Esta no es una carretera frecuentada, y no hay huellas de que haya
pasado gente por este camino. Es de gran tamaño y no puede haberse
caído inadvertidamente. En verdad, aunque se hubiera perdido, el
dueño habría vuelto y lo habría buscado, y seguramente lo habría
encontrado porque es una región desierta. Esto es engaño del
demonio. ¡No vas a frustrar mi resolución con estas cosas,
demonio! ¡Tu dinero perezca junto contigo!" (Hch 8,20). Y
al decir esto Antonio, el disco desapareció como humo.
Luego, mientras caminaba, vio de nuevo, no ya otra ilusión, sino
oro verdadero, desparramado a lo largo del camino. Pues bien, ya sea
que al mismo enemigo le llamó la atención, o si fue un buen espíritu
el que atrajo al luchador y le demostró al demonio de que no se
preocupabas ni siquiera de las riquezas auténticas, él mismo no lo
indicó, y por eso no sabemos nada sino que era realmente oro lo que
allí había. En cuanto a Antonio, quedó sorprendido por la
cantidad que había, pero atravesó por él, como si hubiera sido
fuego y siguió su camino sin volverse atrás. Al contrario, se puso
a correr tan rápido que al poco rato perdió de vista el lugar y quedó
oculto de él.
Así, afirmándose más y más en su propósito, se apresuro hacia la
montaña. En la parte distante del río encontró un fortín desierto
que con el correr del tiempo estaba plagado de reptiles. Allí se
estableció para vivir. Los reptiles como si alguien los hubiera
echado, se fueron de repente. Bloqueó la entrada, después de
enterrar pan para seis meses -así lo hacen los tebanos y a menudo los
panes se mantienen frescos por todo un año-, y teniendo agua a mano,
desapareció como en un santuario. Quedó allí solo, no saliendo
nunca y no viendo pasar a nadie. Por mucho tiempo perseveró en esta
práctica ascética; solo dos veces al año recibía pan, que lo
dejaba caer por el techo.
Sus amigos que venían a verlo, pasaban a menudo días y noches
fuera, puesto que no quería dejarlos entrar. Oían que sonaba como
una multitud frenética, haciendo ruidos, armando tumulto, gimiendo
lastimeramente y chillando: "¡Ándate de nuestro dominio! ¿Que
tienes que hacer en el desierto? Tú no puedes soportar nuestra
persecución." Al principio los que estaban afuera creían que había
hombres peleando con él y que habrían entrado por medio de escaleras,
pero cuando atisbaron por un hoyo y no vieron a nadie, se dieron cuenta
que eran los demonios los que estaban en el asunto, y, llenos de
miedo, llamaron a Antonio.
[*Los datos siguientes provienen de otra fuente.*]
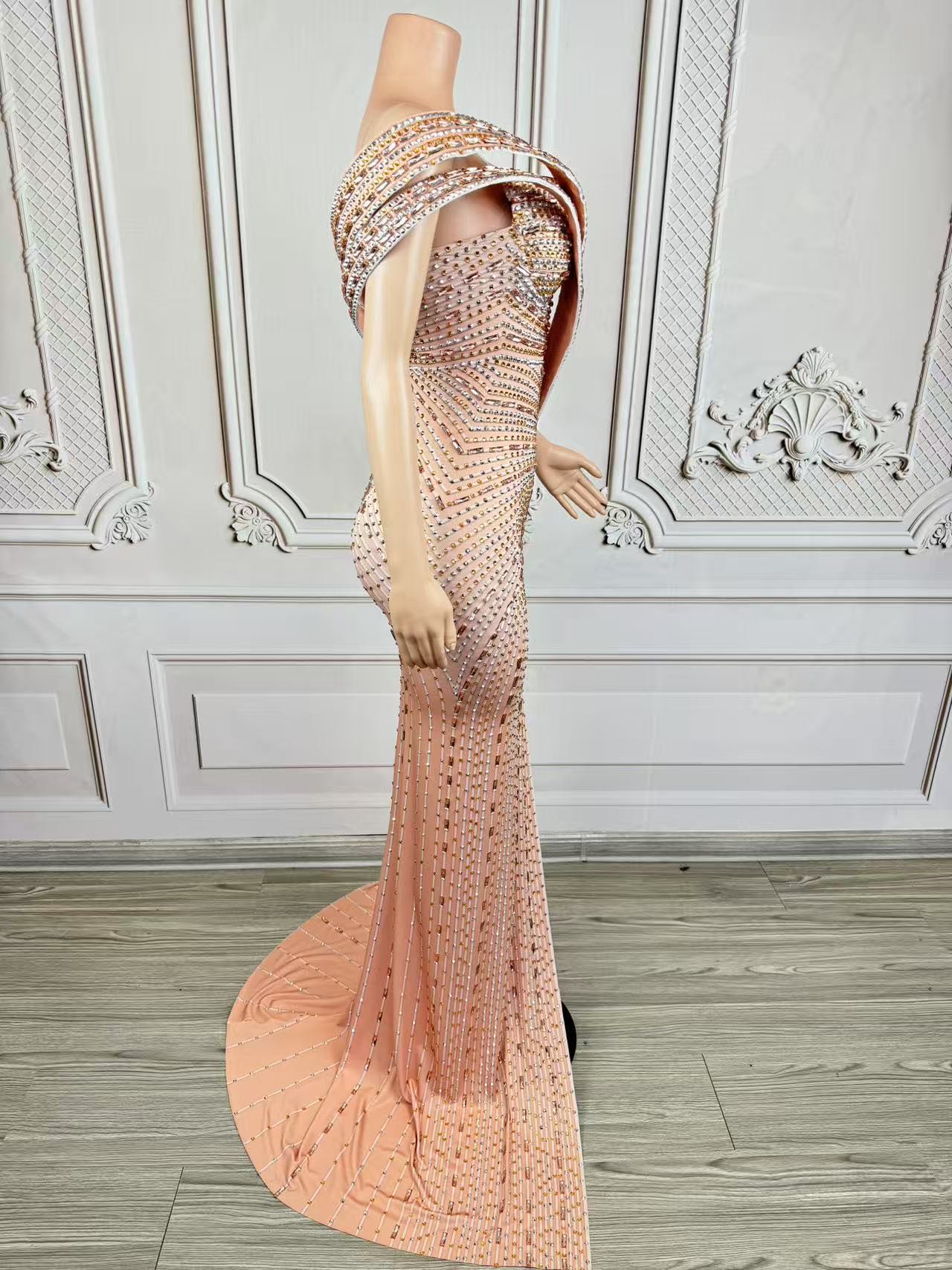 Xiangbin キラキラクリスタルフォーマルロングドレスオ - Women Formal Wear Photoshoot のレビューと価格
El estaba más inquieto por ellos que por
los demonios. Acercándose a la puerta les aconsejó que se fueran y
no tuvieran miedo. Les dijo: "Sólo contra los miedosos los
demonios conjuran fantasmas. Ustedes ahora hagan la señal de la cruz
y vuélvanse a su casa sin temor, y déjenlos que se enloquezcan ellos
mismos."
Entonces se fueron, fortalecidos con la señal de la cruz, mientras
él se quedaba sin sufrir ningún daño de los demonios. Pero tampoco
se fastidiaba de la contienda, porque la ayuda que recibía de lo alto
por medio de visiones y la debilidad de sus enemigos, le daban gran
alivio en sus penalidades y ánimo para un mayor entusiasmo. Sus
amigos venían una y otra vez esperando, por supuesto, encontrarlo
muerto, pero lo escuchaban cantar: "Se levanta Dios y se dispersan
sus enemigos, huyen de su presencia los que lo odian. Como el humo se
disipa, se disipan ellos; como se derrite las cera ante el fuego,
así perecen los impíos ante Dios" (Sal 67,2). Y también:
"Todos los pueblos me rodeaban, en el nombre del Señor los
rechacé" (Sal 117,10).
Así pasó casi veinte años practicando solo la vida ascética, no
saliendo nunca y siendo raramente visto por otros. Después de esto,
como había muchos que ansiaban y aspiraban imitar su santa vida, y
algunos de sus amigos vinieron y forzaron la puerta echándolas abajo,
Antonio salió como de un santuario, como un iniciado en los sagrados
misterios y lleno del Espíritu de Dios. Fue la primera vez que se
mostró fuera del fortín a los que vinieron hacia él. Cuando lo
vieron, estaban asombrados al comprobar que su cuerpo guardaba su
antigua apariencia: no estaba ni obeso por falta de ejercicio ni
macilento por sus ayunos y luchas con los demonios: era el mismo hombre
que habían conocido antes de su retiro.
El estado de su alma era puro, pues no estaba ni encogido por la
aflicción, ni disipado por la alegría, ni penetrado por la
diversión o el desaliento. No se desconcertó cuando vio la multitud
ni se enorgulleció al ver a tantos que lo recibían. Se tenía
completamente bajo control, como hombre guiado por la razón y con gran
equilibrio de carácter.
Por él sanó a muchos de los presentes que tenían enfermedades
corporales y liberó a otros de espíritus impuros. Concedió también
a Antonio el encanto en el hablar; y así confortó a muchos en sus
penas y reconcilió a otros que se peleaban. Exhortó a todos a no
preferir nada en este mundo al amor de Cristo. Y cuando en su
discurso los exhortó a recordar los bienes venideros y la bondad
mostrada a nosotros por Dios, "que no perdonó a su Hijo, sino que
lo entregó por todos nosotros (Rm 8,32), indujo a muchos a
abrazar la vida monástica. Y así aparecieron celdas monacales en la
montaña y el desierto se pobló de monjes que abandonaban a los suyos y
se inscribían para ser ciudadanos del cielo (Hb 3,20;
12,23).
Una vez tuvo necesidad de cruzar el canal de Arsinoé -la ocasión
fue para una visita a los hermanos-; el canal estaba lleno de
cocodrilos. Simplemente oró, se metió con todo sus compañeros, y
pasó al otro lado sin ser tocado. De vuelta a su celda, se aplicó
con todo celo a sus santos y vigorosos ejercicios. Por medio de
constantes conferencias encendía el ardor de los que ya eran monjes e
incitaba a muchos otros al amor de la vida ascética; y pronto, en la
medida en que su mensaje arrastraba a hombres a través de él, el
número de celdas monacales se multiplicaba y para todos era como un
padre y guía.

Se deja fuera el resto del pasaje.